Call it Java 1.5, 2.0, Java 5, Tiger, or what have you -- this version of Java has a lot to offer. This article covers just some of the new features. It is excerpted from chapter one of Java 1.5 Tiger: A Developer's Notebook, written by Brett McLaughlin and David Flanagan (O'Reilly, 2004; ISBN: 0596007388).
What`s New in Java 1.5 Tiger? - Taking Advantage of Better Unicode (Page 5 of 6 )
While many of the features in this chapter and the rest of the book focus on entirely new features, there are occasions where Tiger has simply evolved. The most significant of these is Unicode support. In pre-Tiger versions of Java, Unicode 3.0 was supported, and all of these Unicode characters fit into 16 bits (and therefore a char). Things are different, now, so you’ll need to understand a bit more.
How do I do that?
In Tiger, Java has moved to support Unicode 4.0, which defines several characters that don’t fit into 16 bits. This means that they won’t fit into a char acters inchar, and that has some far-reaching consequences. You’ll have to use int to represent these characters, and as a result methods like Character.isUpperCase() and Character.isWhitespace() now have variants that accept int arguments. So if you’re needing values in Unicode 3.0 that are not available in Unicode 3.0, you’ll need to use these new methods..
What just happened?
To really grasp all this, you have to understand a few basic terms:
codepoint
A codepoint is a number that represents a specific character. As an example, 0x3C0 is the codepoint for the symbol π.

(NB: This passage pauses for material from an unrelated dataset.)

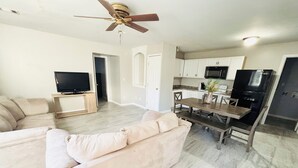 Smart TV - Cozy 1-bedroom house in welcoming Stone Mountain with AC (Stone Mountain)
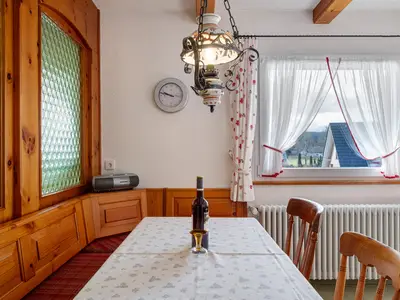 Photo, INSIDE, OUTSIDE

Basic Multilingual Plan (BMP)
The BMP is all Unicode codepoints from \u0000 through \uFFFF. All of these codepoints fit into a Java char.
supplementary characters
These are the Unicode codepoints that fall outside of the BMP. There are 21-bit codepoints, with hex values from 010000 through 10FFFF, and must be represented by an int.

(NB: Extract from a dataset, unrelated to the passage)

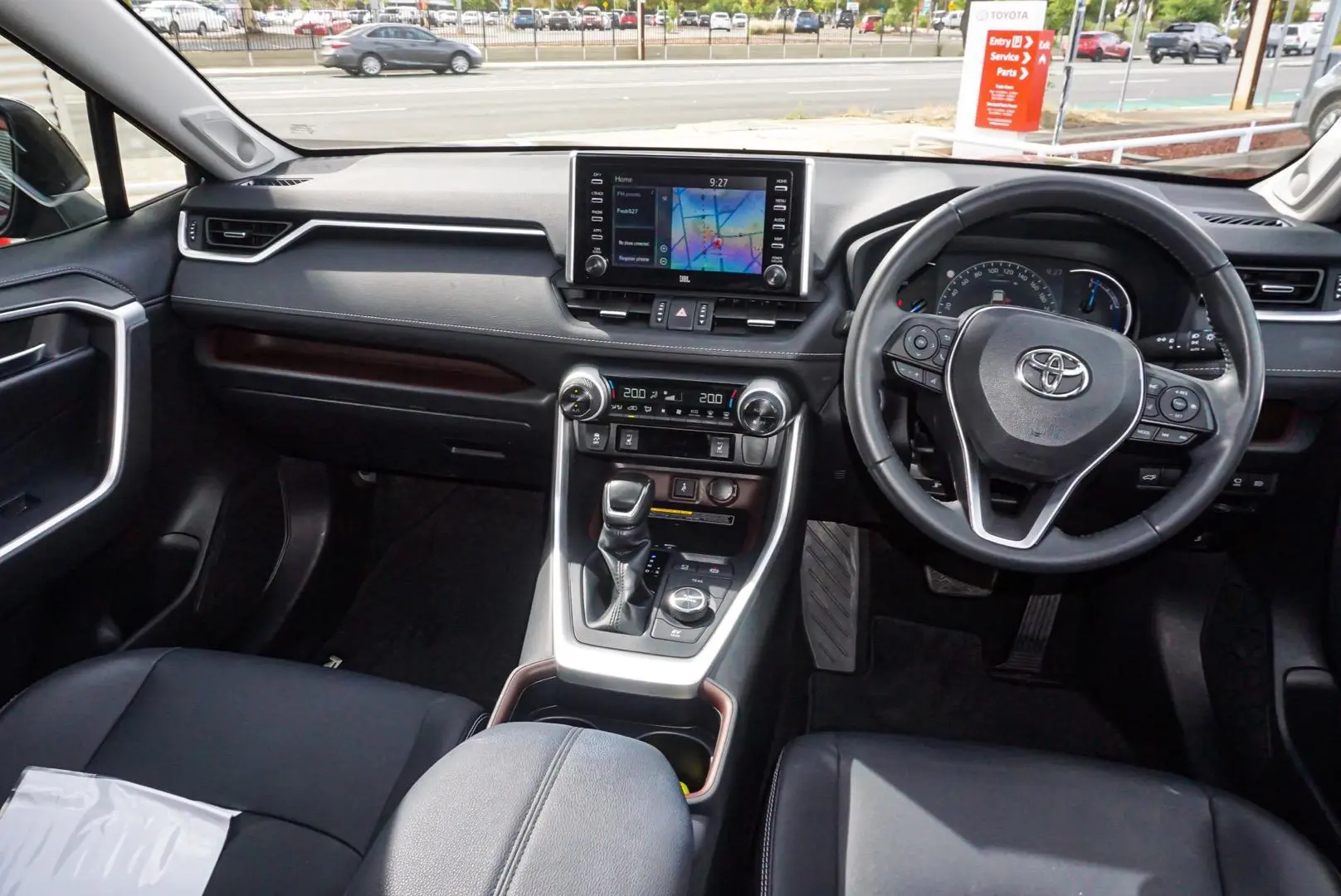 2020 Toyota Rav4 Gallery Image 8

A char, then, represents a BMP Unicode codepoint. To get all the supplementary characters in addition to the BMP, you need to use an int. Of course, only the lowest 21 bits are used, as that’s all that is needed; the upper 21 bits are zeroed out.

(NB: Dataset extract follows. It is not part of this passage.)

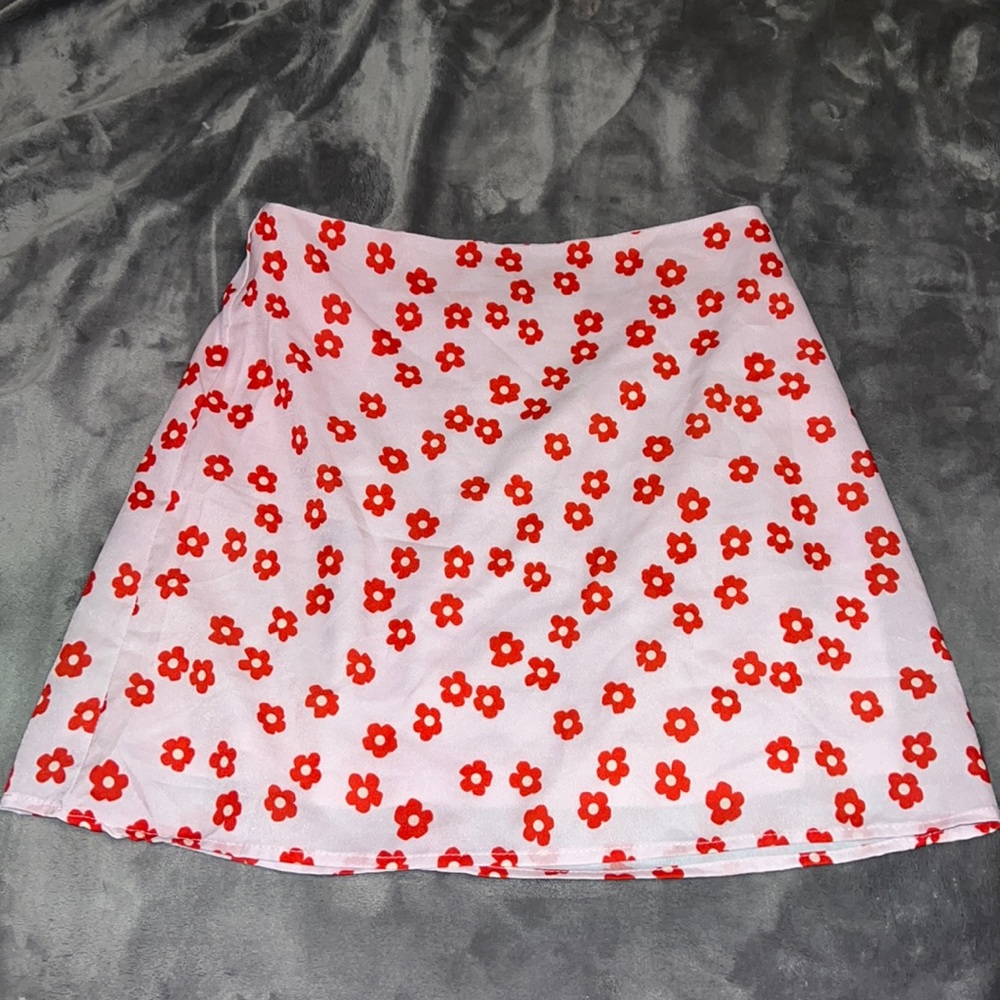 Shein Floral Daisy Skirt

All this assumes that you’re dealing with these characters in isolation, though, and that’s hardly the only use-case. More often, you’ve got to use these characters within the context of a larger String. In those situations, an int doesn’t fit, and instead two char values are encoded, and called a surrogate pair when linked like this. The first char is from the high-surrogates range (\uD800-\uDBFF), and the second char is from the low-surrogates range (\uDC00-\uDFFF). The net effect is that the number of chars in a String is not guaranteed to be the number of codepoints. Sometimes two chars represent a single codepoint (Unicode 4.0), and sometimes they represent two codepoints (Unicode 3.0).